I was surprised when I read this story in the LAist: Christine Yano, an anthropologist from the University of Hawaii, is curating an upcoming exhibit at the Japanese American National Museum in Los Angeles in honor of Hello Kitty's 40th anniversary. While writing the script for the exhibit, she referred to Hello Kitty as a "cat," and — as reported in the Los Angeles Times — was firmly corrected by Sanrio, the character's manufacturer:

"Hello Kitty is not a cat. She's a cartoon character. She is a little girl. She is a friend. But she is not a cat. She's never depicted on all fours. She walks and sits like a two-legged creature."

Hmmm. Reporters from Kotaku and RocketNews24 are getting a different response from Sanrio. When you read the official backstory of Hello Kitty, there seems to be some fuzziness. Kitty is British and loves apple pie. She is the daughter of George and Mary White. She is a Scorpio and has a twin sister. That could be an anthropomorphized cat, right?

So why would the manufacturer say Hello Kitty is really a girl?

There are lots of cats that walk on two legs! Sylvester, Garfield, Snagglepuss, Felix.
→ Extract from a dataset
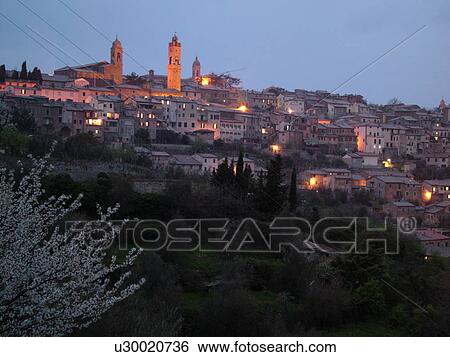 Tuscany, Toscana, Italy, Montalcino, Europe, View of the medieval hilltown of Montalcino in Tuscany in the evening. View Large Photo Image Stock Photograph - Tuscany, Toscana, Italy, Montalcino, Europe, View of the medieval hilltown of Montalcino in Tuscany in the evening.. Fotosearch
No one mistakes these cats for humans. Granted, they are drawn more like cats than Hello Kitty, but just because she is not depicted on all fours does not make her human. Most of the time she is just a floating head anyway — on pillows, purses, press-on nails and everything else.

The Cat Is Out Of The Bag

Hello Kitty is a huge business. In fact, when it comes to global icons, Hello Kitty is in its own cat-egory. (Let me rephrase that.)

Sanrio reports that the bewhiskered Kitty brings in more than $1 billion in annual sales, with more than 50,000 branded items on the shelves in more than 70 countries. The product list is staggering. Hello Kitty's little face is on everything from hair clips to hand warmers to coat hangers.

Last year a Taiwan-based airline introduced a Hello Kitty-themed Boeing 777 with flights to and from the United States.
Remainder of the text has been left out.